Exercise details: Exact reproduction is required for the lines below starting at the line with "Cachar: Police personnel" and ending at the line with "Sous-verres ronds personnalisés", both included. No other lines, and no pictures.

Records to process:
▼

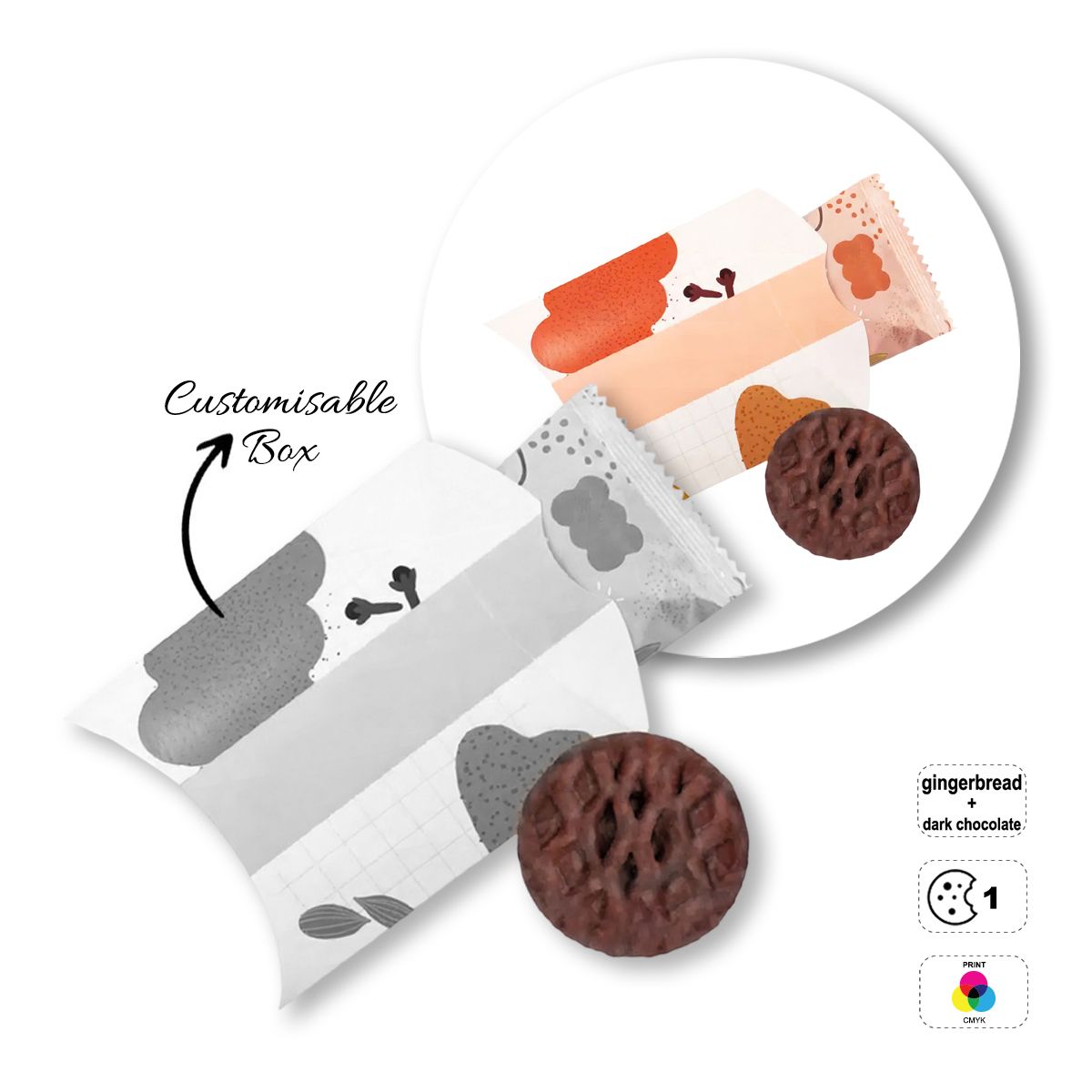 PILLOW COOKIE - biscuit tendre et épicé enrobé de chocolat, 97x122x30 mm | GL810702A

▲
▼

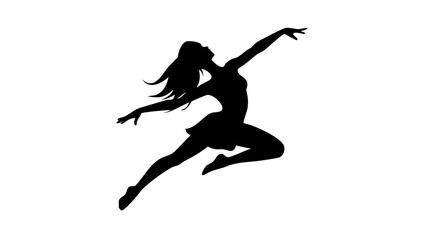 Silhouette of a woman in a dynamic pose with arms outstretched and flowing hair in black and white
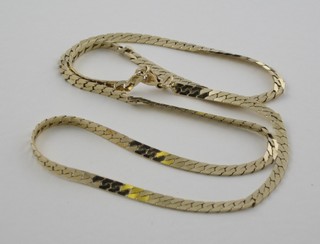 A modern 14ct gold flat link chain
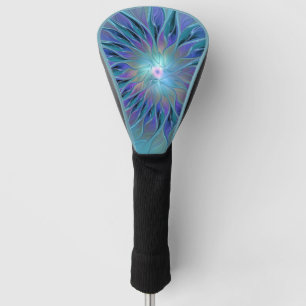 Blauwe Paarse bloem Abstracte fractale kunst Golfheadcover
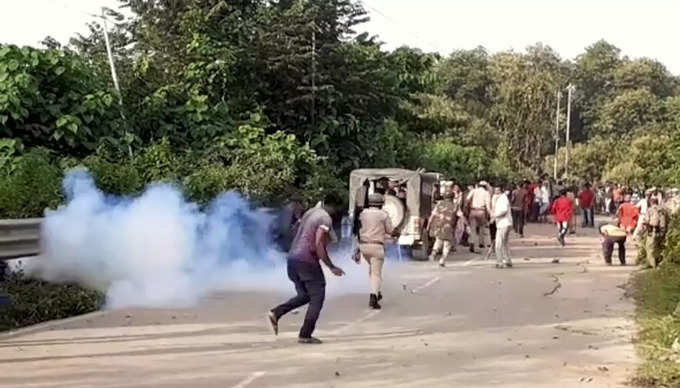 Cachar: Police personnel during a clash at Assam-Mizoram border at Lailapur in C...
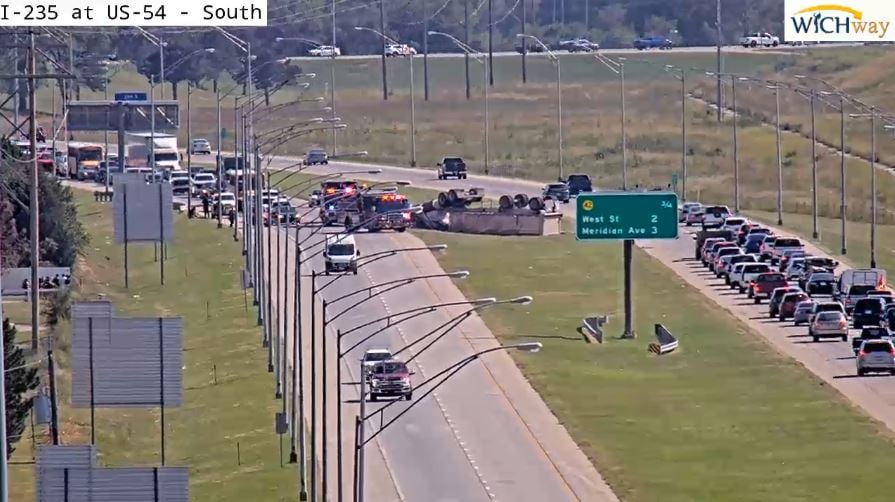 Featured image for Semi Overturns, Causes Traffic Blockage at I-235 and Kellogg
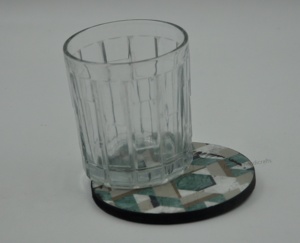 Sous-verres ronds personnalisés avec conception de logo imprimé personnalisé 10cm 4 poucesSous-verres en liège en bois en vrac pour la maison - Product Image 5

▲

Solution:
 Cachar: Police personnel during a clash at Assam-Mizoram border at Lailapur in C...
 Featured image for Semi Overturns, Causes Traffic Blockage at I-235 and Kellogg
 Sous-verres ronds personnalisés avec conception de logo imprimé personnalisé 10cm 4 poucesSous-verres en liège en bois en vrac pour la maison - Product Image 5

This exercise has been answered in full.